All propofol sedated patients regained normal neuropsychological function within 30 min after the procedure [11, 16]. In previous reports, the average time until full recovery was 15–20 min and the average time to discharge was 60 min. Sanou et al.  conducted five cognitive tests designed to assess short-term memory, delayed memory, the ability to plan complex tasks, attention, and language comprehension following propofol-sedation and reported that cognitive functions were still depressed after 3 h. Riphaus et al.  recommended that patients remain in a supervised environment for at least 3 h after propofol sedation and that patients refrain from driving and unescorted use of public transport for 24 h after sedation. However, these recommendations followed studies where the propofol dosages were 105 ± 60 mg, which is significantly more than the 30–40 mg dosage used here.

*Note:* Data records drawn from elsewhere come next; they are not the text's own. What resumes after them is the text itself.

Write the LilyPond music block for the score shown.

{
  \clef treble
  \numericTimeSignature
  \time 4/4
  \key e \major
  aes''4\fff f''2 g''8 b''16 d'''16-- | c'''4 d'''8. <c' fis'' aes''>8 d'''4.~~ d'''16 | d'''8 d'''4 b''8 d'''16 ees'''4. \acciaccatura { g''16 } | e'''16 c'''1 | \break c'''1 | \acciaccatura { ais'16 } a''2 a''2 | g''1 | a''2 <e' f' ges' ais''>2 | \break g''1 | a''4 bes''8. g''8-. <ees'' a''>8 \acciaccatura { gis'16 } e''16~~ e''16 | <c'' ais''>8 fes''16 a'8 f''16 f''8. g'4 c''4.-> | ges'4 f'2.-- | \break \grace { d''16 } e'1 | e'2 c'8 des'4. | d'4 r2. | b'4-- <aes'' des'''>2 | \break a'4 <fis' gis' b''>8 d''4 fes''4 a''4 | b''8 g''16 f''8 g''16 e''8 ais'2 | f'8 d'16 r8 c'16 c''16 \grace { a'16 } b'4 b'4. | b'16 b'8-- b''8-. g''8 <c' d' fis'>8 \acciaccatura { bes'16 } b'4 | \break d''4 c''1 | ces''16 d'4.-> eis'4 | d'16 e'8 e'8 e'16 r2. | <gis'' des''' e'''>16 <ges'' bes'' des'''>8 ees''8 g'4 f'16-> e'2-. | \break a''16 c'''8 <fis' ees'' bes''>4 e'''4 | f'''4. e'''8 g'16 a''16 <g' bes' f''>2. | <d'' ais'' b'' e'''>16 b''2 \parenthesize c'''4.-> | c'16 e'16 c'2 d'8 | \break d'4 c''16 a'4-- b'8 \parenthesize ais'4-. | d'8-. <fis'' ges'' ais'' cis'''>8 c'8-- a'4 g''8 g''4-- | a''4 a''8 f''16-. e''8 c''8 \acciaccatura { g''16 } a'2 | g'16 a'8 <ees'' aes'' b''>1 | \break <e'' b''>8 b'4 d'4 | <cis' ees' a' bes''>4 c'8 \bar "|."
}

Generally, propofol is given by bolus titration with an initial dose of 30–50 mg followed by doses of 10–20 mg beginning 30–60 s later with the appropriateness of additional bolus doses being determined by the level of sedation and the respiratory effect. This approach requires the use of highly skilled personnel. In contrast, we used a defined protocol where, depending on the patient age, either 30 or 40 mg was given by bolus injection. As shown in table 2, the average weight of the healthy Japanese subjects was about 60 kg such that the dosage used averaged 0.67 mg/kg. Using this dosage we showed driving ability returned to baseline within 60 min after completion of the EGD and 98% of the 12,031 subjects fully recovered to the basal level 30 min after the procedure. This differs remarkably from the effects of midazolam where impaired driving was still present at 2 h after the procedure (table 3).

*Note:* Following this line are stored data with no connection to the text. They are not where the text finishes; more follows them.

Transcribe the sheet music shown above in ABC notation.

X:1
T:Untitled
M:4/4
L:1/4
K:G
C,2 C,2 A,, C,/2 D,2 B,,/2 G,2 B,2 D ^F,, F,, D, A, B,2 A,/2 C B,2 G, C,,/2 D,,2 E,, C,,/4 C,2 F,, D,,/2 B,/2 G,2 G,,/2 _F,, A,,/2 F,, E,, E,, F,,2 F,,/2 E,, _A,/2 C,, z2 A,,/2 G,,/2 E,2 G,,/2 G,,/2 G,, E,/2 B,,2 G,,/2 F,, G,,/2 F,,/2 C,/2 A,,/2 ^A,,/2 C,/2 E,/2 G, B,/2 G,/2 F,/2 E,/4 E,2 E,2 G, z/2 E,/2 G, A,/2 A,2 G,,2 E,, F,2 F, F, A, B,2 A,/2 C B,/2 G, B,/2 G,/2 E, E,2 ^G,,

A previous study examined the relationship between blood alcohol concentration and psychomotor effects and attempted to provide a standard based on the maximum permitted blood alcohol levels for driving in three European countries (20, 50 and 80 mg/100 ml) as the reference points . The impairment in driving skill with a blood propofol concentration of 200 ng/ml was less than that observed with a 50 mg/100 ml of alcohol and not greater than that observed with 20 mg/100 ml of alcohol . These results are consistent with our findings that driving levels recovered to the baseline level when the blood levels of propofol (40 and 80 mg) at 60 min were less than 100 ng/ml (fig. 1; table 3).

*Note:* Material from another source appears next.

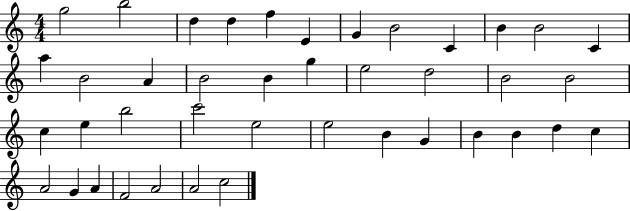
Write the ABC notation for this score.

Screening EGD for early gastric cancer is a health initiative that is more relevant to the Japanese population. On the other hand, colonoscopy is more relevant in the Western population where the median body weight is likely to be much higher than 60 kg. The results of this report are applicable to a patient population comprising healthy outpatients undergoing diagnostic EGD. For patients undergoing colonoscopy or therapeutic endoscopic procedures, additional doses of propofol and combination of other drugs may be required.
In conclusion, low-dose propofol sedation for diagnostic EGD was safe and clinical recovery and recovery in driving ability was rapid.